DESCRIPTION OF THE TASK =
Without including any pictures, copy every line below exactly.

DATA RECORDS =
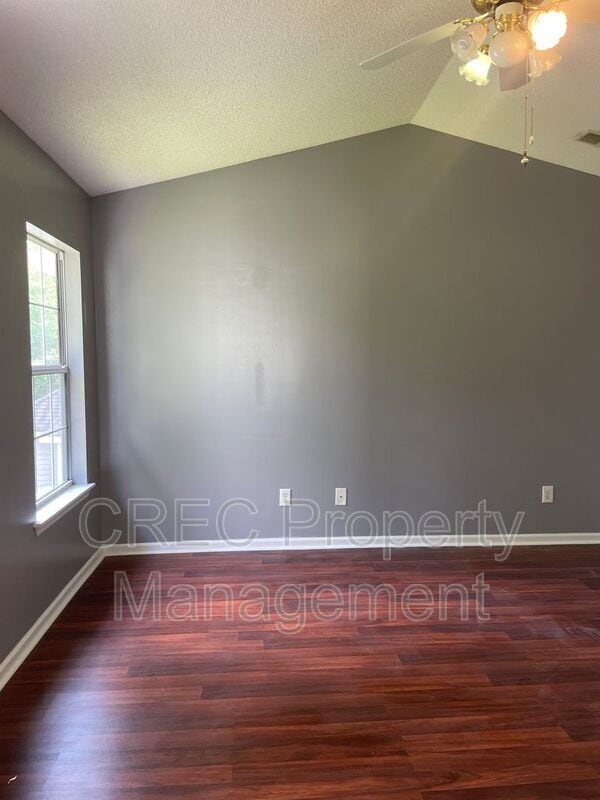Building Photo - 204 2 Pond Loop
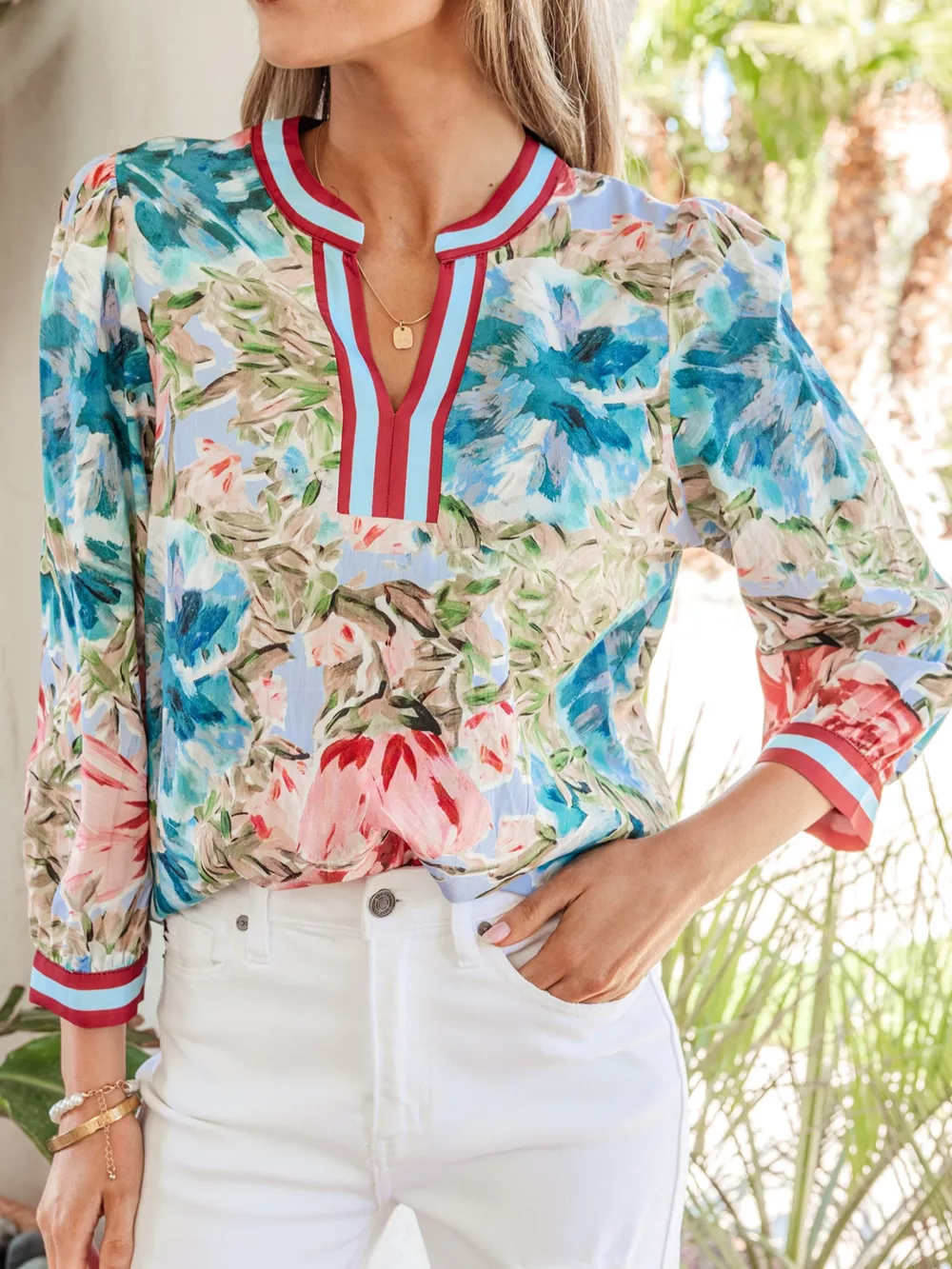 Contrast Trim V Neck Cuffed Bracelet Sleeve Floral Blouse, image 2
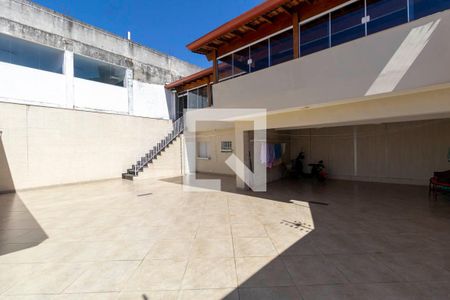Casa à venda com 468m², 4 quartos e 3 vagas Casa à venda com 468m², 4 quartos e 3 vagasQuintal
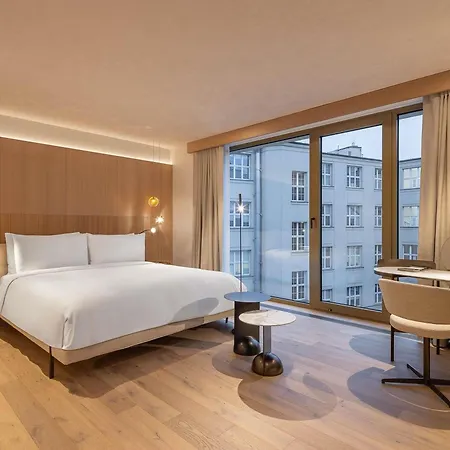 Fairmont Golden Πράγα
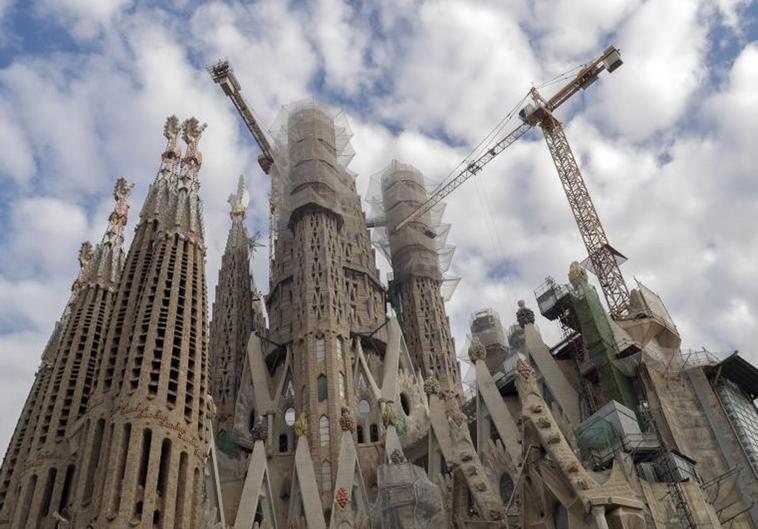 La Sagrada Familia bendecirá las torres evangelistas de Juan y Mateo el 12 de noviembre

RESPONSE BOX =
Building Photo - 204 2 Pond Loop
 Contrast Trim V Neck Cuffed Bracelet Sleeve Floral Blouse, image 2
Casa à venda com 468m², 4 quartos e 3 vagas Casa à venda com 468m², 4 quartos e 3 vagasQuintal
 Fairmont Golden Πράγα
 La Sagrada Familia bendecirá las torres evangelistas de Juan y Mateo el 12 de noviembre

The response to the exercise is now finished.